La bibliothèque libre.
Le texte de cette page a été corrigé et est conforme au fac-similé.

L’idée change et se développe avec l’âge ; elle grandit avec l’intelligence. Quand elle prend l’homme enfant, elle se fait petite et se proportionne à sa taille, puis elle s’élève à mesure qu’il s’élève et l’accompagne ainsi pendant tout le cours de la vie. Ce que fait l’enfant, l’humanité l’a fait ; elle a suivi le même chemin ; elle a été d’abord idolâtre, puis déiste, et les déistes, qui sont devenus chrétiens, ont su, quand ils ont adoré à la fois un homme dans un Dieu et un Dieu dans un homme, trouver tour à tour, pour parler le langage de Rousseau, le Dieu nécessaire à l’imagination de l’homme et le Dieu nécessaire à son entendement. Voulez-vous laisser de côté l’acheminement du monde au christianisme ? L’homme a passé de l’idolâtrie au déisme, comme le fait l’enfant, par le développement de son intelligence, sans que l’idolâtrie enfantine de ses premières années ait nui au déisme pieux et éclairé de son âge mûr. « À mesure que les hommes sont devenus plus parfaits, les dieux le sont devenus aussi davantage, dit Fontenelle, que je cite ici volontiers, parce qu’il n’est pas un père de l’église. Les premiers hommes sont fort brutaux, et ils donnent tout à la force ; les dieux seront presque aussi brutaux et seulement un peu plus puissans ; voilà les dieux du temps d’Homère. Les hommes commencent à avoir des idées de la sagesse et de la justice ; les dieux y gagnent, ils commencent à être sages et justes et le sont toujours de plus en plus à proportion que ces idées se perfectionnent parmi les hommes. Voilà les dieux du temps de Cicéron, et ils valaient bien mieux que ceux du temps d’Homère, parce que de bien meilleurs philosophes y avaient mis la main[1]. » Ainsi, dans l’humanité, l’imagination ébauche l’idée religieuse et la raison l’achève, ou plutôt Dieu se révèle à chaque siècle selon l’intelligence du temps. Ce que Dieu fait pour les divers siècles de l’humanité, il le fait aussi pour les divers âges de l’homme, et il est le Dieu de l’enfant comme il est aussi le Dieu de l’homme mûr ; il ne se dérobe à aucun esprit, si petit qu’il soit ; il ne se cache à aucun regard, si faible qu’il soit. L’homme arrive à Dieu par l’imagination, par le cœur, par la raison, par tout ce qu’il y a en lui d’idées et de sentimens, sans que ses idées ni ses sentimens aient jamais besoin d’être aussi hauts et aussi grands que leur objet.

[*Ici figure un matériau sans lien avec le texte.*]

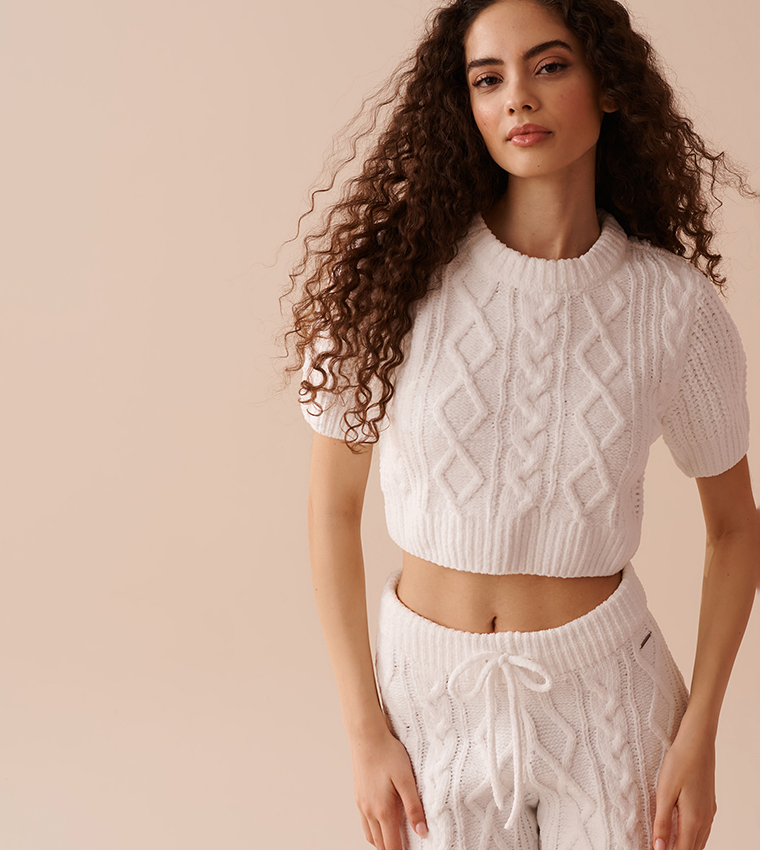 Cable-Knit Chenille Crop T-Shirt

Puisque l’enfant, toute faible qu’est son intelligence, est capable de religion, comment la lui enseigner ? Il est curieux de voir comment Fénelon veut qu’on enseigne la religion aux enfans : il semble en vérité avoir prévu les objections de Rousseau. Il craint si peu que le Dieu des enfans ne soit le Dieu de l’imagination, qu’il prescrit de leur enseigner la religion à l’aide d’images et de récits,

  1. Fontenelle, de l’Origine des Fables, tome III, p. 277.